Roig (Villarreal) : La crise n’affecte pas seulement les clubs professionnels, mais toutes les entreprises. Nous devons nous adapter à cela : réduire nos coûts et avoir conscience que toutes les équipes subissent les mêmes problématiques. Si les revenus ont diminué cette année, nous allons chercher des solutions alternatives. Je rappelle que les clubs de Liga n’ont demandé aucune aide étatique ou européenne, nous nous gérons par nous-mêmes. Villarreal est un club sain qui n’a pas besoin d’aide extérieure pour faire face. Il faut simplement se bouger et trouver les solutions en interne. Que faut-il réduire ? Où cela reste-il possible ? À l’échelle des salaires, je peux comprendre que le Real ou le Barça propose deux ou trois fois plus que nous le faisons, mais pas douze ou quinze fois plus. La solution n’est pas dans l’apport de revenus, mais dans la diminution des coûts.
Pérez expliquait que la crise traversée par le football pouvait trouver une solution à travers un système pyramidal où la Superligue se trouverait au sommet. Qu’en pensez-vous ? Catalán (Levante) : Cette logique de la pyramide est très confuse. Pour que le Real Madrid soit champion de Liga, il doit gagner contre Levante, Villarreal, le FC Séville… Mais parfois, il peut aussi perdre contre Levante ou faire match nul. Nous sommes là pour rendre cela possible, c’est cela qui rend le football aussi charmant. Être sous la direction de douze grands clubs et attendre qu’ils puissent nous inviter pour participer à leur compétition, cela n’a pas de sens. Je fais partie de ceux qui pensent que la Superligue peut marcher à court terme, mais elle n’aura pas de futur à long terme. Le football, c’est vivre et profiter du week-end pour affronter un adversaire différent chaque semaine. Avec cette Superligue, nous perdons tout ce travail en amont. Je pense que certains modèles de compétitions peuvent être reconfigurés afin de chercher à les améliorer, c’est même notre devoir. Mais inventer quelque chose en dehors du système de notre football, c’est se perdre dans ses idées. La Superligue n’est pas nécessaire. Sans elle, nous sommes arrivés à croître et à trouver un équilibre entre nos dépenses et nos coûts. C’est cela qui permet au football d’être viable sur le long terme. En tant que présidents, nous devons continuellement nous poser la question de savoir si nos clubs sont bien gérés.
Haro (Betis) : Nous parlons là d’une hyperbole avec une symétrie totale puis une délimitation horizontale entre les douze participants et le reste des clubs.
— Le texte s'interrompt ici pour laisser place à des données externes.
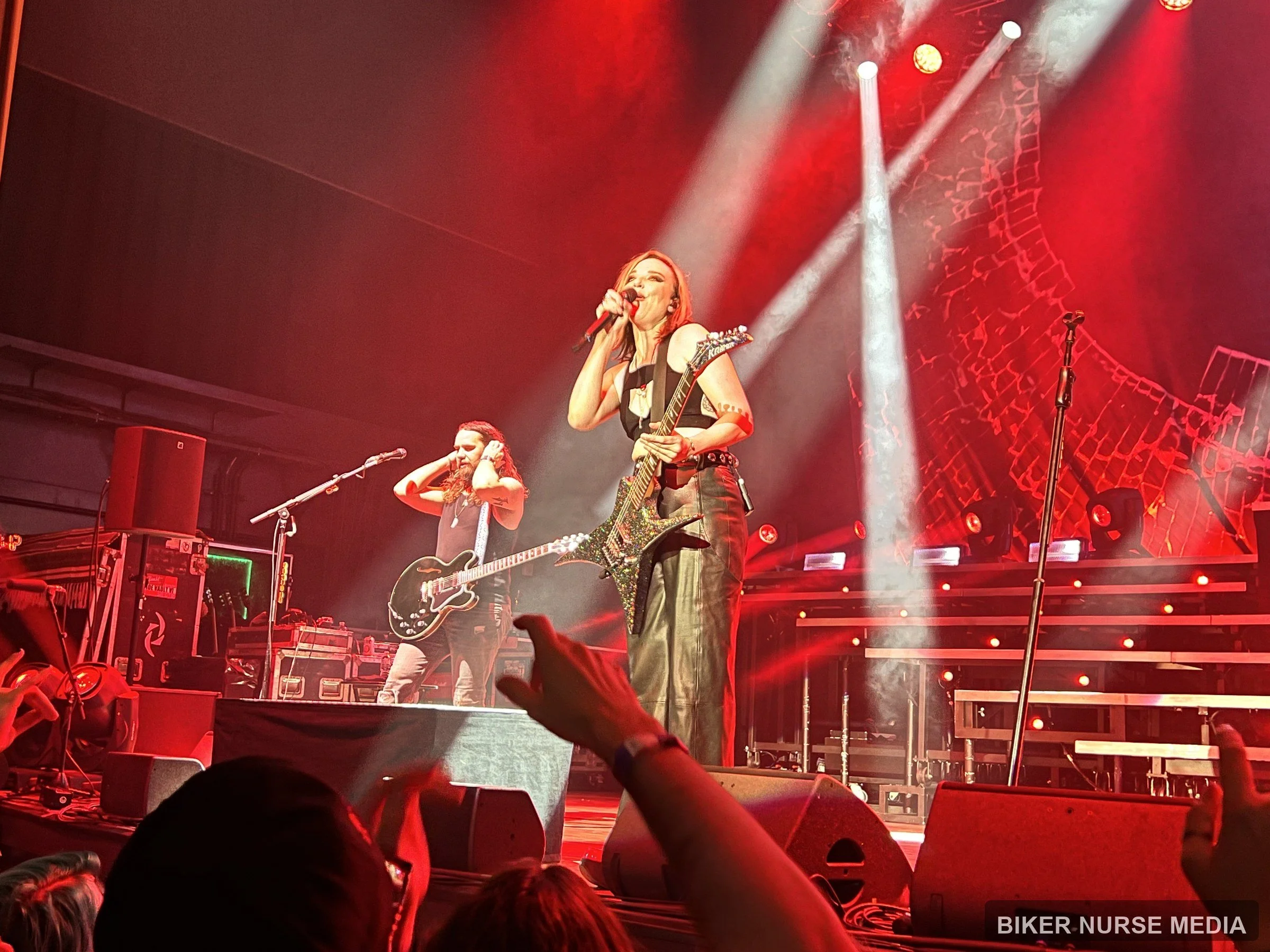 Halestorm performing live under red stage lights, photographed by Biker Nurse Media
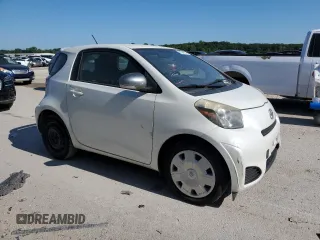 2012 Scion iQ with VIN JTNJJXB06CJ019475, listed as a Copart auction lot 61358615 with 94,194 mi miles and Clean title. Bid and sale history available at DreamBid. Image 4.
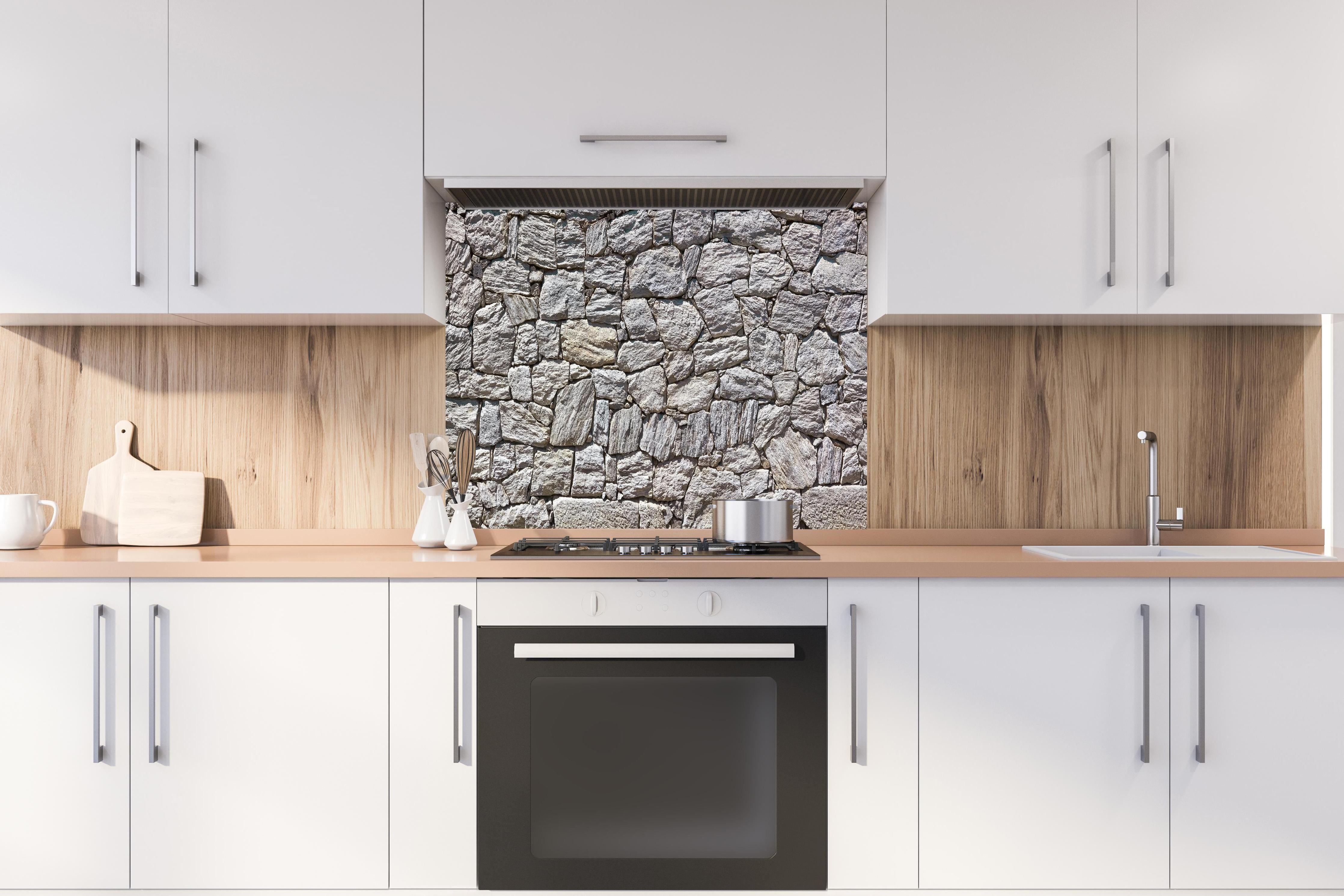 Spritzschutz - Natürliche Steinmauer hinter einem Cerankochfeld zwischen Holz-Kochutensilien
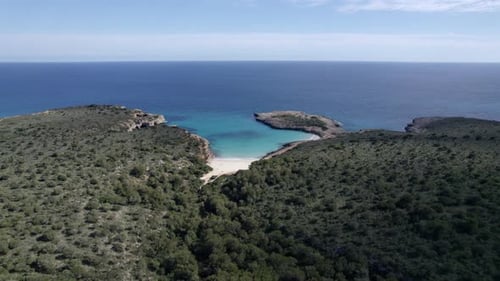 Aerial view of tranquil bay with azure water and sandy beach, Spain.
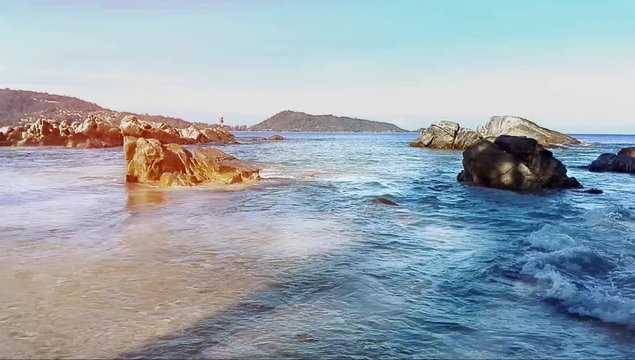 Motion of water wave in the sea landscape nature and bech sand with sky in morning light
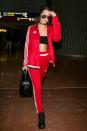 <p>Hadid wears a matching Adidas tracksuit to the airport paired with black boots, sunglasses, and a handbag. (Photo: Getty) </p>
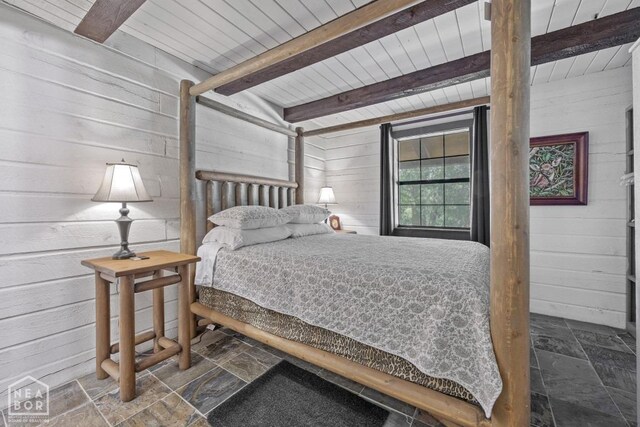 2 Star Falls Ln, Cherokee Village, AR 72529 - bedroom featuring wood ceiling, stone tile floors, wood walls, and beamed ceiling
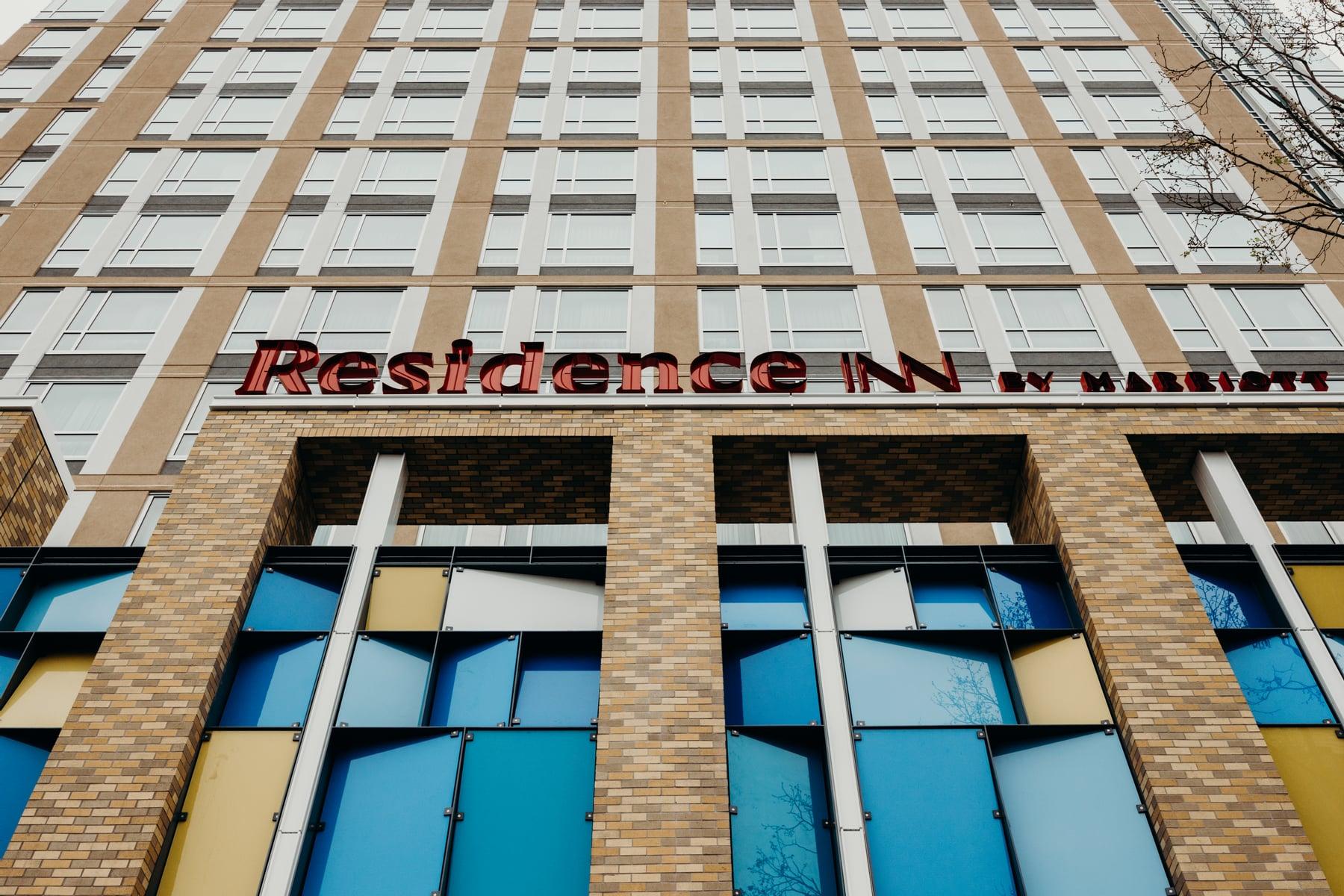 Close view of blue and yellow glazing panels at the base of The Berkeley Hotel (Residence Inn) in Berkeley, CA, glazed by USGA Inc.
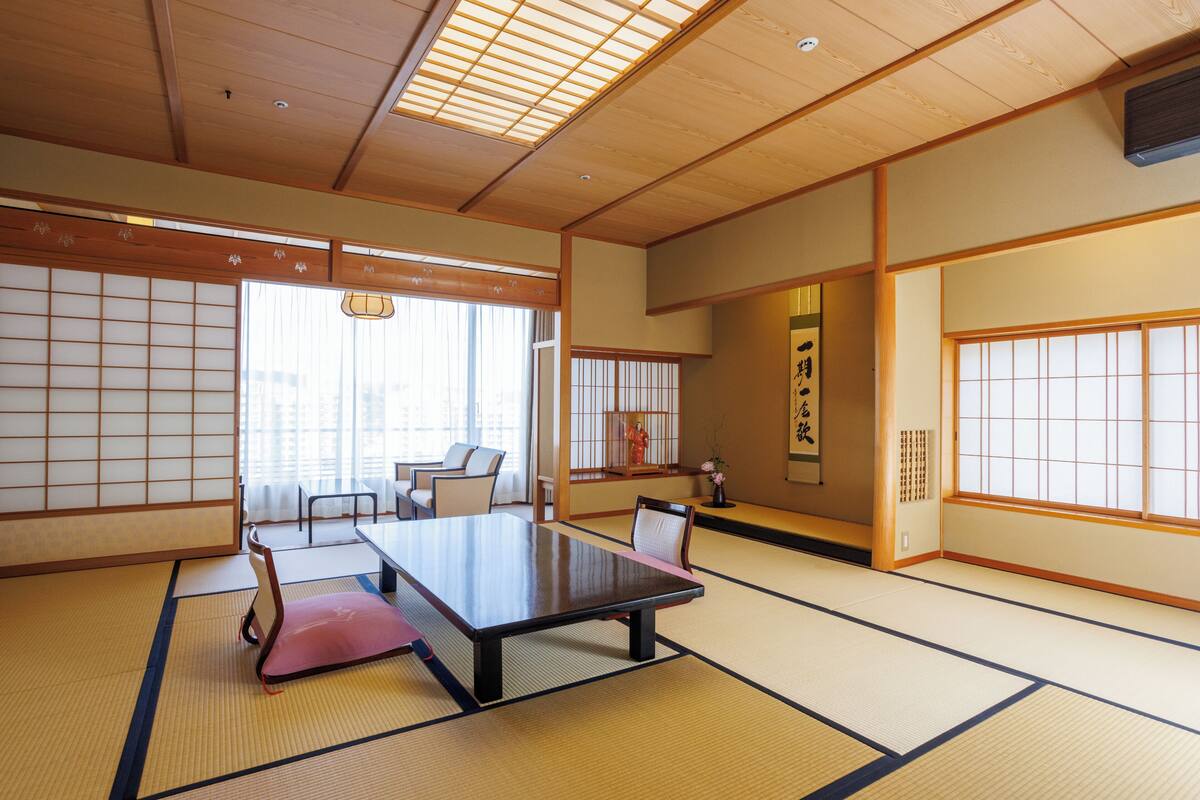 A traditional Japanese room with tatami flooring, a low table, and a seating area with cushions.
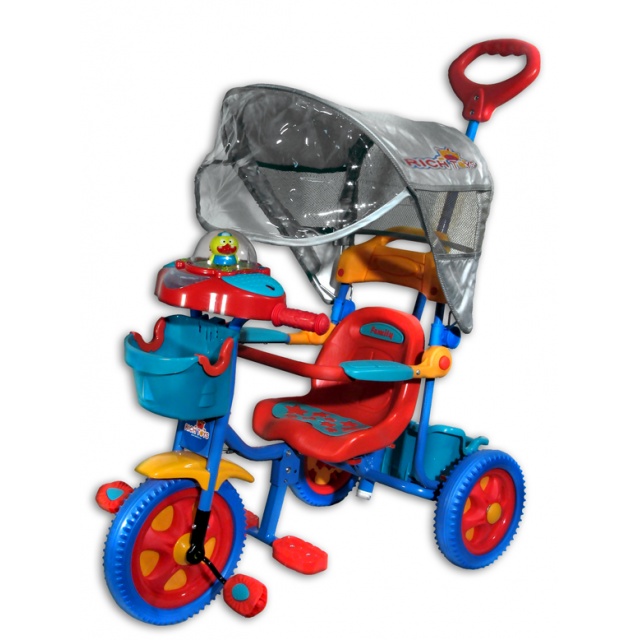 Трехколесный велосипед с игрушкой-утенком, зонтом и памперсом.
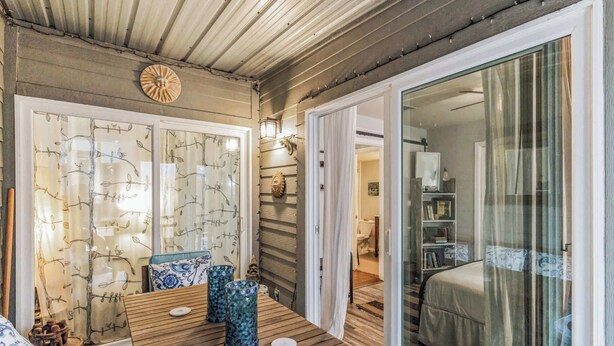 A room with a wooden table, chairs, a bed, and a glass door leading to another room. - Cozy Retreat in Central East Austin (Austin)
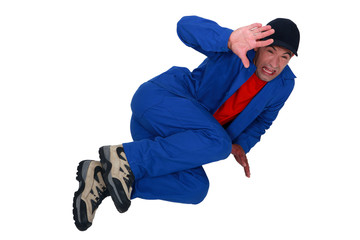 Terrified man lying on the floor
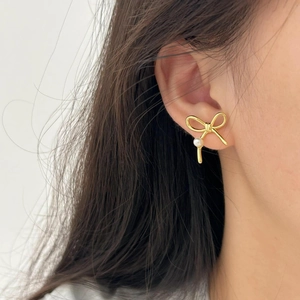 Elegant gold bow earrings with white pearl detail shown on model with white background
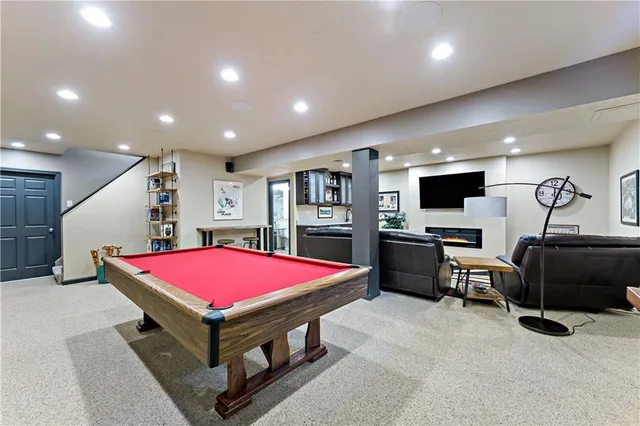 a room with furniture and pool table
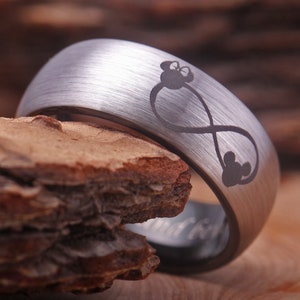 May include: A silver tungsten carbide ring with a brushed finish. The ring features an infinity symbol with a Mickey Mouse head at the top and three Mickey Mouse heads at the bottom.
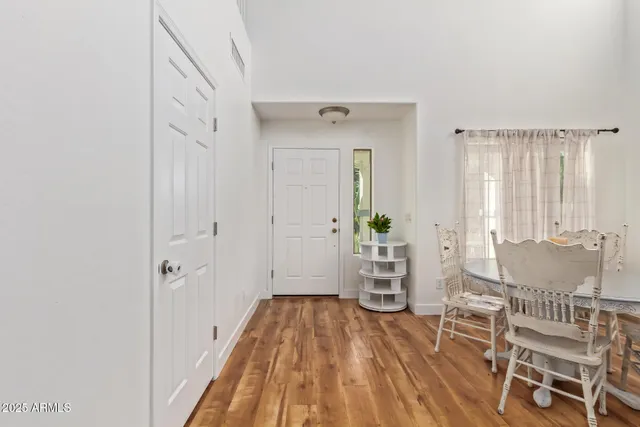 a view of an entryway with wooden floor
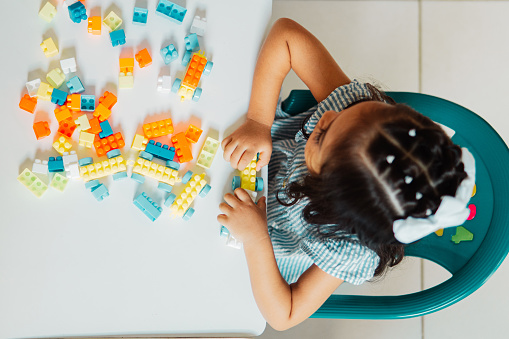 Cenital Hispanic little girl Preschool playing with colored blocks in a Kindergarten.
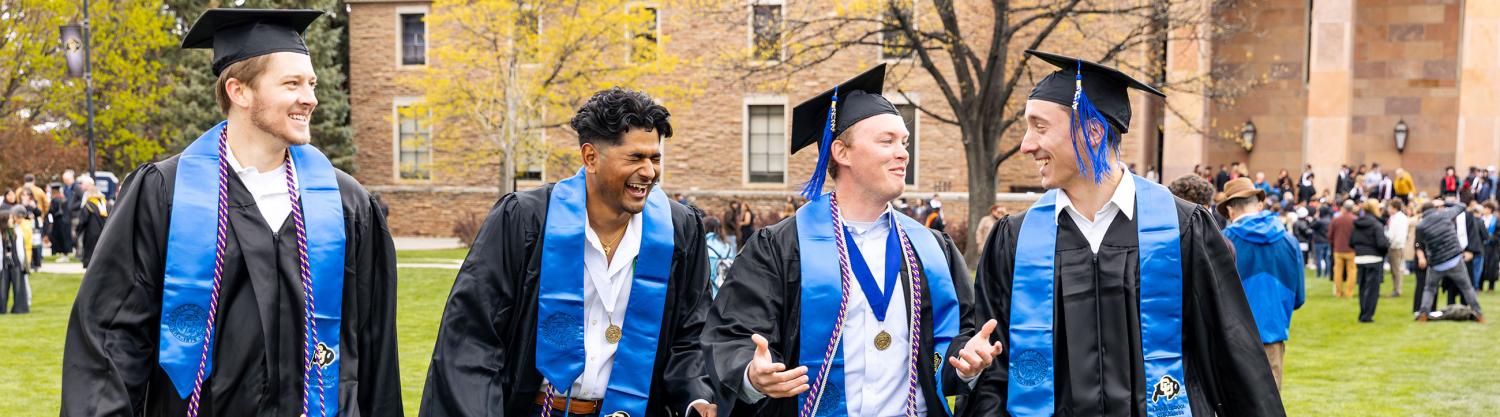 graduates walking and laughing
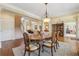 Dining room with hardwood floors offering views to the formal living room and other living spaces throughout this charming home at 6840 N Creekside Pt, Cumming, GA 30041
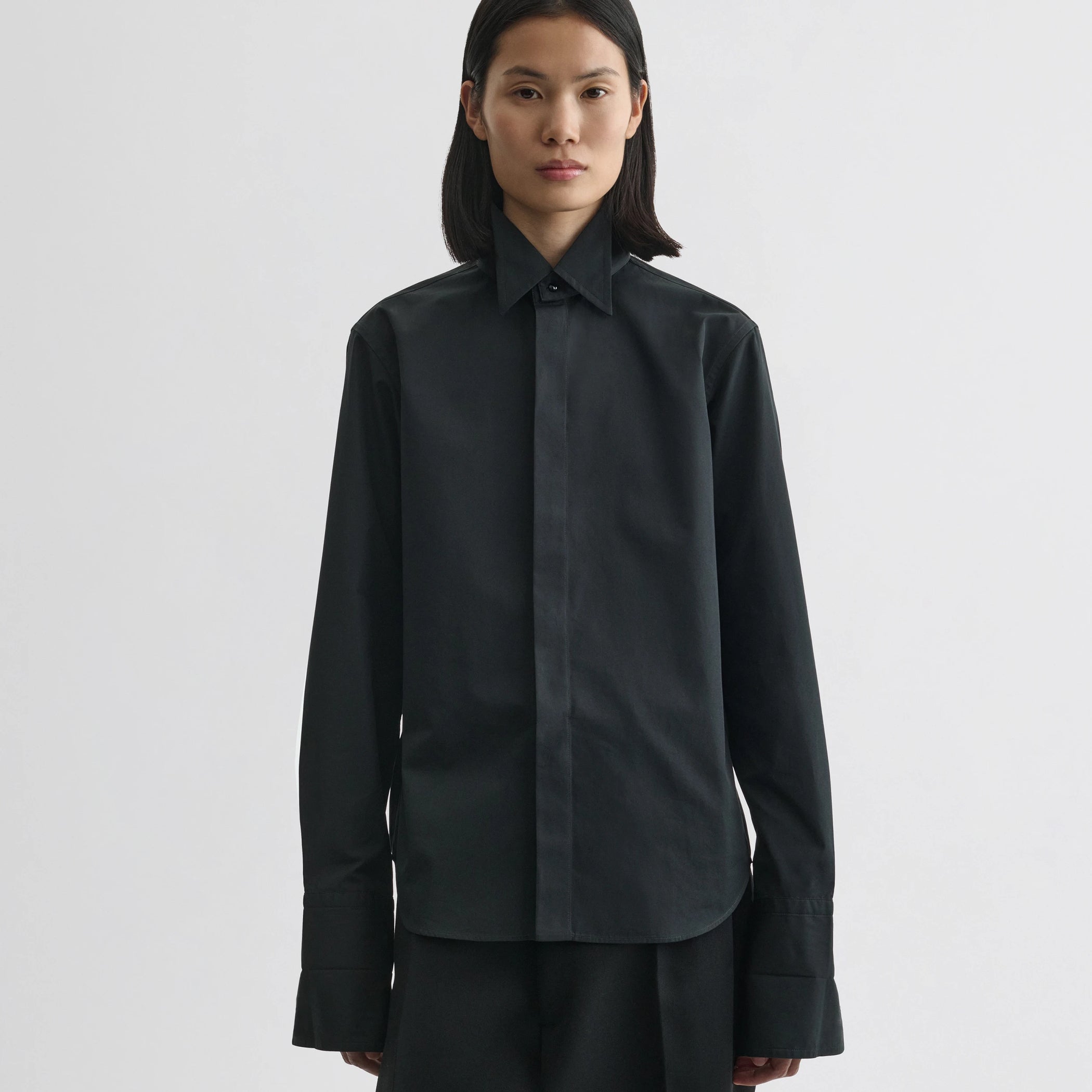 Front view of model wearing tuxedo shirt in black cotton.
Cela dit, je comprends l’argument de la pyramide dans le sens où il y a déjà une grande différence étant donné qu’ils possèdent un budget au moins dix fois supérieur aux nôtres. Mais dans le cas de mauvaises performances sportives, comment un club fondateur de la Superligue pourrait-il finir par descendre ? C’est impossible. En cela, le mérite sportif n’existe plus.
Que répondez-vous au président Pérez, qui évoquait son ennui devant des affiches secondaires de Liga, de Premier League ou de Serie A ?Roig (Villarreal) : Nous avons des équipes dans de grandes villes espagnoles comme à Séville, Valence ou Bilbao. Et je crois sincèrement que nos confrontations en Liga sont tout à fait appréciables, au contraire de ce que le président Pérez a pu dire. Quand vous assistez à un Villarreal-Séville, un Séville-Betis ou un Séville-Levante, vous pouvez prendre du plaisir. C’est une vraie offense faite au supporter que de dire des choses pareilles. À Villarreal, nous sommes fiers de faire partie de la Liga et de voir jusqu’où le club peut aller.